Por Iván Olguín

—¿Usted vive aquí?

—¿Disculpe?

—Le pregunté si usted vive aquí.

Matías estaba arrancando las malezas del antejardín. Apenas había oído acercarse al desconocido que tenía en frente. El tipo tenía el rostro sucio y reseco, cubierto de extrañas llagas rojizas en los pómulos y la nariz, como quien acaba de salir de una tormenta de nieve. Vestía unos jeans viejos y un enorme abrigo bajo el cual se intuían otras tantas capas de ropa. Parecía haberse cortado el cabello hacía poco tiempo, pues conservaba algunas heridas en su cabeza, como las que tendría alguien que se rasura a pulso, sin mirarse al espejo. Matías, que conocía a casi todo el mundo en Imahue, no tardó en descubrir que se trataba de un forastero.

¿Me encontraron? Pensó. ¿Un policía? 

—Sí, yo vivo aquí —Respondió, nervioso. 

—¿Puedo ver su casa por dentro?

—¿Disculpe?

—Que si puedo ver su casa por dentro. Ya me oyó. 

Matías pasó la mirada de la entrada al forastero varias veces, incrédulo. 

—No es mi casa realmente. Solo soy el cuidador. —dijo finalmente.

—¿Puedo ver la casa que cuida por dentro? —Dijo el hombre, con tono irónico. Le faltaban varios dientes.

—Lo siento, pero no lo conozco. Usted tampoco dejaría entrar a cualquiera. A menos que traiga una orden.

—¿Una orden? 

—Una orden judicial.

Estaban en la última casa subiendo por la ladera del cerro. Desde ahí se veía todo el pueblo: sus casuchas, la plaza de armas, el río y el bosque. Los árboles se extendían como un océano, hasta perderse en el horizonte. El visitante miraba hacia el poblado, pensativo.

—Pero en Imahue no hay ningún juez —respondió finalmente.

—Pues qué mala suerte —Sentenció Matías, y pasó por el lado del forastero. Cerró la cerca, se metió al corredor y puso el pestillo.

Rápidamente bajó las cortinas y aseguró todas las puertas. Subió corriendo a su dormitorio y comenzó a meter sus pocas pertenencias en la mochila. Estaba seguro de que lo habían encontrado. Al bajar las escaleras pudo ver por la ventana que el forastero ya no estaba.

Decidió bajar al pueblo para hablar por teléfono, debía actuar cuanto antes. Se cambió las botas y salió por la puerta trasera hasta el establo. Ensilló a su caballo lo más rápido que pudo y galopó a toda velocidad camino abajo. Si ese tipo era policía, lo averiguaría cuanto antes. 

En Imahue había solo dos teléfonos, uno en la comisaría y otro en la posada donde se almorzaba.
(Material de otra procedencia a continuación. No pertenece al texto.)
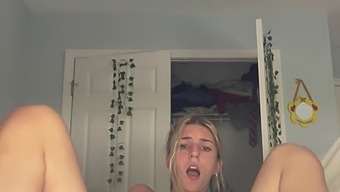 天真的18岁女孩在家里独自高潮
Cuando Matías entró al restaurante no se encontró a nadie cenando. La encargada tampoco se veía por ninguna parte. Matías tocó el timbre junto a la barra.

Una voluptuosa mujer salió de la cocina, cargando un saco de papas.

—La cena estará en una hora. ¿Algo para beber? —dijo la mujer.

—Solo necesito el teléfono —respondió Matías, apuntando al aparato sobre el mesón.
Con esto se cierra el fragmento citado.